> [Work to complete] Look for the line containing "Denon DCM-280 5-Disc CD Auto Changer" and the line containing "2560x1703 Porsche 928 (1978)" in the entries below. Copy those two and all lines between them exactly, leaving out pictures.

> [Records to process]
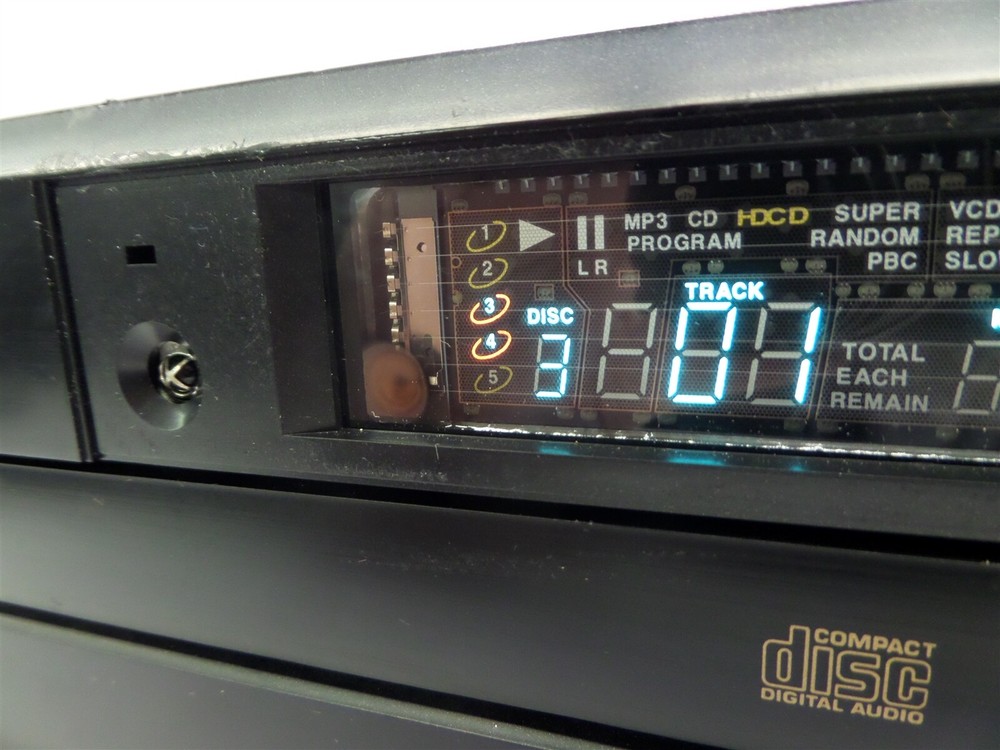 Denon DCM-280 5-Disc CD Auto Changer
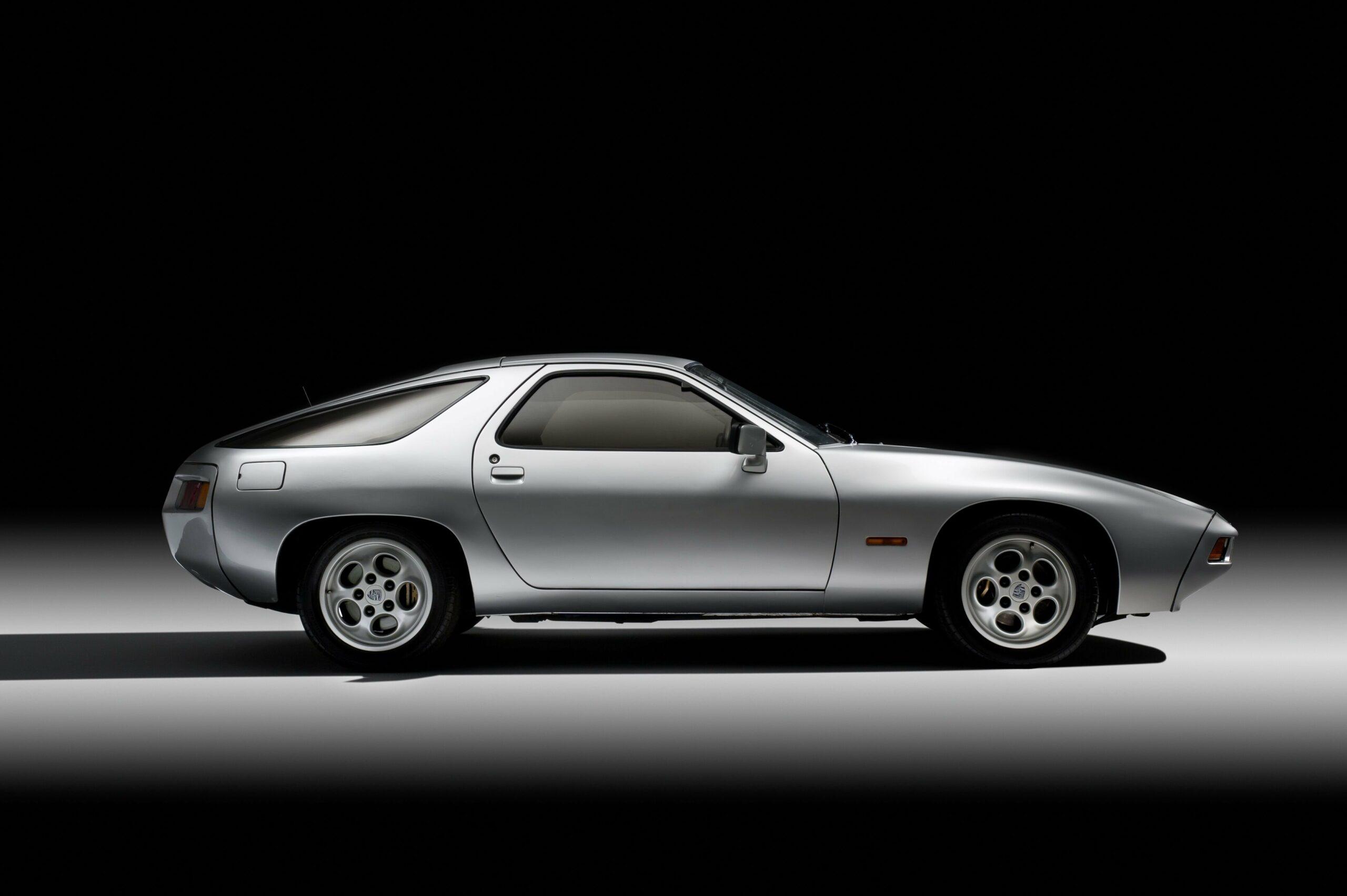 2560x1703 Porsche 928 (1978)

--

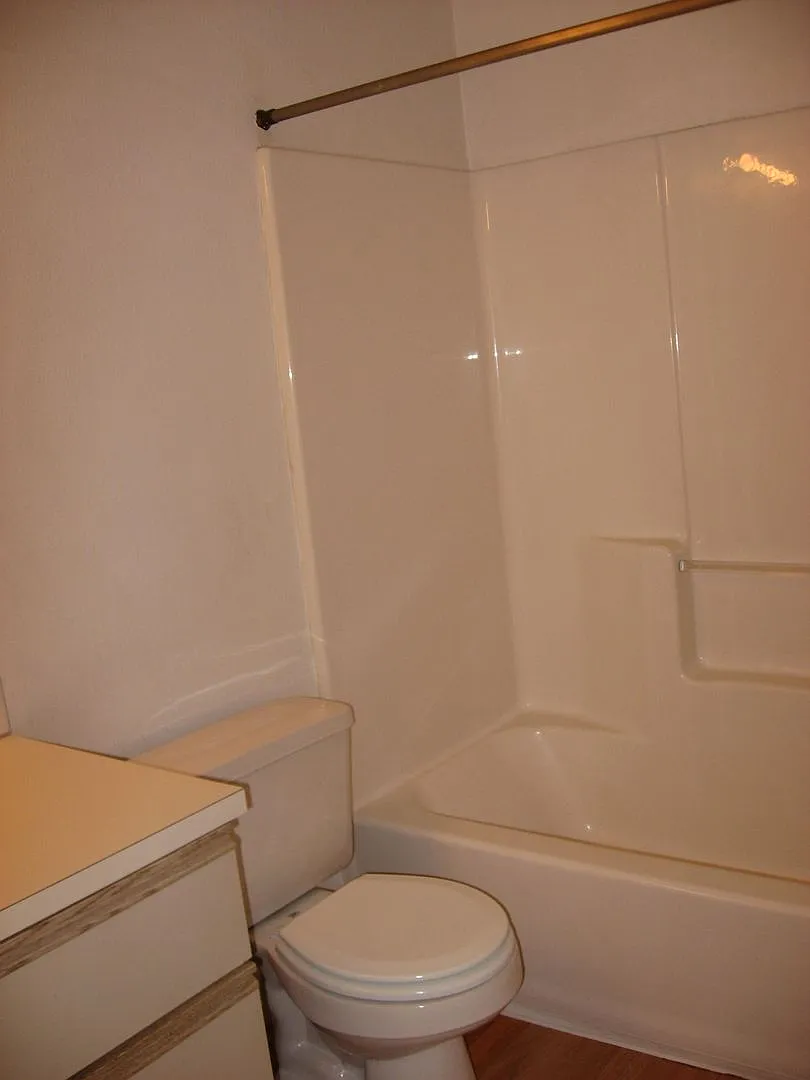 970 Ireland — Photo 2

> [Answer area]
 Denon DCM-280 5-Disc CD Auto Changer
 2560x1703 Porsche 928 (1978)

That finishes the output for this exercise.